Objectives: Although some patient characteristics are known to be related to physician and patient communication in medical encounters, very little is known about the impact of patients' health status on communication processes. The authors assess relations of patients' physical and emotional health status to verbal and nonverbal communication between physicians and patients in four original studies, and combine results across the four studies using meta-analytic procedures.
Methods: In four original studies of routine outpatient visits (consisting of more than 250 physicians and more than 1,300 patients), health status was measured and audiotape or videotape records were coded for verbal content and nonverbal cues indicating task-related behavior and affective reactions on the part of both the physician and the patient. Both physical and mental health data were obtained, using physicians and/or patients as sources; in two studies, physicians' satisfaction with the visit also was measured. All available background characteristics for both physicians and patients were controlled via partial correlations. The meta-analytic procedures used were the unweighted and weighted (by sample size) average partial correlations, the combined P across studies (Stouffer method), and the test of effect size heterogeneity.

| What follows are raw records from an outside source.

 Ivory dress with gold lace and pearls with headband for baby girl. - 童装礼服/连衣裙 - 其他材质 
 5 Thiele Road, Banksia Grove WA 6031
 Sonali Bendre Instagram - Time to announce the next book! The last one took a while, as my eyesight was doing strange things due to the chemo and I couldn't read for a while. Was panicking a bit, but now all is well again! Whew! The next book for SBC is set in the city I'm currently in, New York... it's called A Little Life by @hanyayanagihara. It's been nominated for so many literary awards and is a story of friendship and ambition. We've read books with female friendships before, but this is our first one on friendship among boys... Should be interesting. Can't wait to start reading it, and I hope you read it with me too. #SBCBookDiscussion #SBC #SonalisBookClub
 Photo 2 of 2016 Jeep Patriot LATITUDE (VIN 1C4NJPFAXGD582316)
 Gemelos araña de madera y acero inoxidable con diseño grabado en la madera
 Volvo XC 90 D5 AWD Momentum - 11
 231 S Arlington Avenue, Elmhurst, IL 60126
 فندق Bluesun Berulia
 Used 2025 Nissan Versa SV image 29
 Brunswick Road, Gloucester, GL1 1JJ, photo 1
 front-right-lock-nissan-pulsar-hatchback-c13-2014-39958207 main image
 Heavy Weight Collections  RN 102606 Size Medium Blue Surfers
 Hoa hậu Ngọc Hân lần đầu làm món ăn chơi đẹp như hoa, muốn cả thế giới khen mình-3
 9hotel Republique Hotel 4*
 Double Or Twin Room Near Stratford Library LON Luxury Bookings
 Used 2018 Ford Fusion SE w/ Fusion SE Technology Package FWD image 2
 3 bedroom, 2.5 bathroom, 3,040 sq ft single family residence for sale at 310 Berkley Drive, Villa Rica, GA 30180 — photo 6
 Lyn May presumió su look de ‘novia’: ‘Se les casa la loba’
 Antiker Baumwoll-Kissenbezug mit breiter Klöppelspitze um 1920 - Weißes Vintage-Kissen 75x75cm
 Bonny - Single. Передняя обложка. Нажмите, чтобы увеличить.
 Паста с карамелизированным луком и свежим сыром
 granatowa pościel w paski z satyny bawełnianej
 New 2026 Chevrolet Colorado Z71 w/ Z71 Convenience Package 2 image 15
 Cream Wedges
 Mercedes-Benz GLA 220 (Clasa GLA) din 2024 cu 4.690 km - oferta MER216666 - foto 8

Results: Physicians showed signs of negative response to sicker or more emotionally distressed patients, both in their behavior and in their ratings of satisfaction with the visit. Sicker patients also behaved more negatively than healthier patients. However, physicians also engaged in a variety of positive and professionally appropriate behaviors with the sicker or more distressed patients. This mixed pattern of responses is discussed in terms of alternative frameworks: the physician's goals, reciprocation of affect, and ambivalence on the part of the physician.
Conclusions: The patient's health status appears to influence physician-patient communication. In clinical practice, increased attention by physicians to their own and their patients' behavior may enhance diagnosis and prevent misunderstandings.